Indeed, regulators themselves are some of the enthusiastic adopters. Earlier this year the UK Financial Conduct Authority (FCA) decided to host its MiFID II transaction reporting system in the cloud and then, in July, published new
guidance on cloud adoption.
“We see no fundamental reason why cloud services (including public cloud services) cannot be implemented, with appropriate consideration, in a manner that complies with our rules," the FCA said.
This has been followed by a raft of other announcements with the Monetary Authority of Singapore issuing guidance in
July, the US’ DTCC
moving its Avox Data services to Amazon Web Services cloud, and DBS bank
looking to move half its computing capacity to the cloud within 2 years.
The pros and cons of the cloud are well documented, but what is behind the sudden surge and what does it really mean for banks?
With large-scale transformation programs on the agenda, many firms find it hard to rapidly deliver change in a leaner organization that is weighed down by regulatory burden and legacy technology. This is where the cloud can help facilitate their transformation;
freeing up resources, eliminating lengthy purchasing processes for new equipment and speeding up software development and deployment.

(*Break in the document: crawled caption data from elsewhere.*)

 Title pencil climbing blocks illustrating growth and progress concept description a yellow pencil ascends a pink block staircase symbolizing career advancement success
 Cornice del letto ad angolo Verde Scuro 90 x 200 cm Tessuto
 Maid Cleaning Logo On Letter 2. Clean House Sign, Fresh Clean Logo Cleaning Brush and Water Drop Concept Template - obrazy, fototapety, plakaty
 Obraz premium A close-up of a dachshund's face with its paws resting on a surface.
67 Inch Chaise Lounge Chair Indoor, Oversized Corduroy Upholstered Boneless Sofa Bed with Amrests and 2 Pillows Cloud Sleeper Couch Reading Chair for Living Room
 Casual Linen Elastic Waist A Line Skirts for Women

Yet, many financial services firms remain wary of the cloud. According to a
survey on cloud usage in financial services by the Cloud Security Alliance (CSA), the most common concerns relate to security, compliance, and privacy. Acceptance, guidance, and adoption from the regulators will obviously help allay these fears. As should
the added cloud benefits of flexible infrastructure capacity, reduced time for provisioning and reduction in total cost of ownership.

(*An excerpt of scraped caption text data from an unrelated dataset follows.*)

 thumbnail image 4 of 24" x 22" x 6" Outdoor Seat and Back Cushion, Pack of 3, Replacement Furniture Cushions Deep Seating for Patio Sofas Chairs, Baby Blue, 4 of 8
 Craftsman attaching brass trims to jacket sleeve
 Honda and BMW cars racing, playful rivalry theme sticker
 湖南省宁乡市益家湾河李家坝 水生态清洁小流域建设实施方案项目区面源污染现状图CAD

For the larger sell-side firms with onerous procurement processes, flexible scaling makes it significantly quicker to grow or shrink capacity as required. For the buy-side the availability of high performance computing and advanced technologies as services
helps to level the playing field and enables them to adopt new technologies. Fintechs are benefitting from greatly reduced start-up costs, enabling them to go-to-market much quicker.
The cloud is a great place to be, but there are many other considerations to be addressed, such as:
- What to migrate to the cloud; having a clear picture of existing IT infrastructure, costs and support requirements is vital to maximizing the benefits of cloud
- Integration with on-premises applications, across cloud (both private and public).
- Analytics; the ability to gain insight from and react to data that resides both on premise and in the cloud. In real-time!
- Processes; the need to manage processes that span systems regardless of where they reside.
What could greatly help firms is a single digital business platform that offers all of these capabilities, on premise, in the cloud, and a hybrid of the two, enabling firms to transform their business in an agile fashion and at the pace required to stay
ahead of the curve. Get onto the cloud, but keep your feet on the ground.